I visited two different bodegas in the Basque Country. Talai Berri makes some excellent txakoli wine – an endemic grape of the Basque Country that makes a crisp, fruity wine. The winery is located in a gorgeous setting, with views of the vineyards.
Yet, one of the places that those who visit the Basque Country should never miss is the Bodega Marqués de Riscal in Elciego. Let alone that this is the home of the gorgeous hotel designed by Frank O. Gehry that I mentioned above, the winery is simply stunning – imagine old barrels, precious vintage bottles – and the wine delicious.
The food is always delicious
I am hardly a foodie, but that doesn’t mean I don’t recognize and enjoy good food. Every time I visit the Basque Country, I am impressed with its cuisine. Fish and seafood are always on offer, and the pinxtos – the equivalent of the southern tapas – have been taken on a higher level, becoming real works of art.
One of the coolest things to do, instead of sitting down for a traditional meal, is going from one pintxos place to the other, having various kinds and all the while enjoying a good glass of wine, just as the locals do.
Where to stay and eat in the Basque Country
Those who visit the Basque Country will find a great range of accommodation and eating options. San Sebastian is known as the gourmet capital of Spain, but good restaurants are easily found all over the region.
For those who visit Bilbao: stay at Melia Hotel, a fabulous modern building at walking distance from the main attractions, with spacious and cozy rooms. Eat at La Ribera, on the other side of Bilbao market, for a great choice of fish and meat dishes, as well as excellent vegetarian options.

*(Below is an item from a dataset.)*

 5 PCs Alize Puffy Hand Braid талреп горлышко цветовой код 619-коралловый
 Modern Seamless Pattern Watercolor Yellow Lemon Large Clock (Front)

In San Sebastian: stay at Hotel Barcelò Costa Vasca, which has an excellent wellness centre. Enjoy pinxtos at Nestor and Ganbara, in the historic quarter of the city. Always look at what the locals eat – they know what’s fresh!
In Vitoria: stay at the lovely and cozy Hotel Silken Ciudad De Vitoria, right off the city centre. Enjoy a great seafood dinner at El Portalon, right behind the main square, in the historic town.
In Laguardia: eat at the excellent Hospedería Los Parades (which also is a lovely hotel) and enjoy the fresh food and the great service.
Things to know about the Basque Country
There are various airports in the Basque Country, though the one with the most connections is that of Bilbao, which is also served by several budget airlines. It’s interesting to note that Bilbao airport was designed by famous Spanish architect Calatrava (the same who designed the Puente de la Mujer in Buenos Aires).
Though every time I visit the Basque Country I am so lucky to enjoy sunny days, one thing to keep in mind is that this is among the rainiest regions of Spain. No matter what time of the year one intends to visit, there will eventually be some rain – the thin, persistent rain that is so typical to have its own name: txirimiri. Packing an umbrella and wearing a rain proof jacket is a must.
Though everyone speaks Spanish in the Basque Country, and walking around Bilbao Spanish is the language usually heard, the Basque Country has its own language, Basque (Euskara). As a former human rights lawyer and academic who’s spent a whopping 15 years researching on issues related to minorities and cultural identities, I always appreciate the efforts of people to protect their culture, identity and language, much as it is being done in the Basque Country.
Have you ever been to the Basque Country? What did you like the most about it?
Legal disclaimer: This article is written in partnership with Spain Tourism Board and the local tourism board of The Basque Country, and in cooperation with The Travel Mob as part of the #InGreenSpain campaign. All the views and opinions expressed are my own and based on my personal experience. The views expressed are honest and factual without any bias.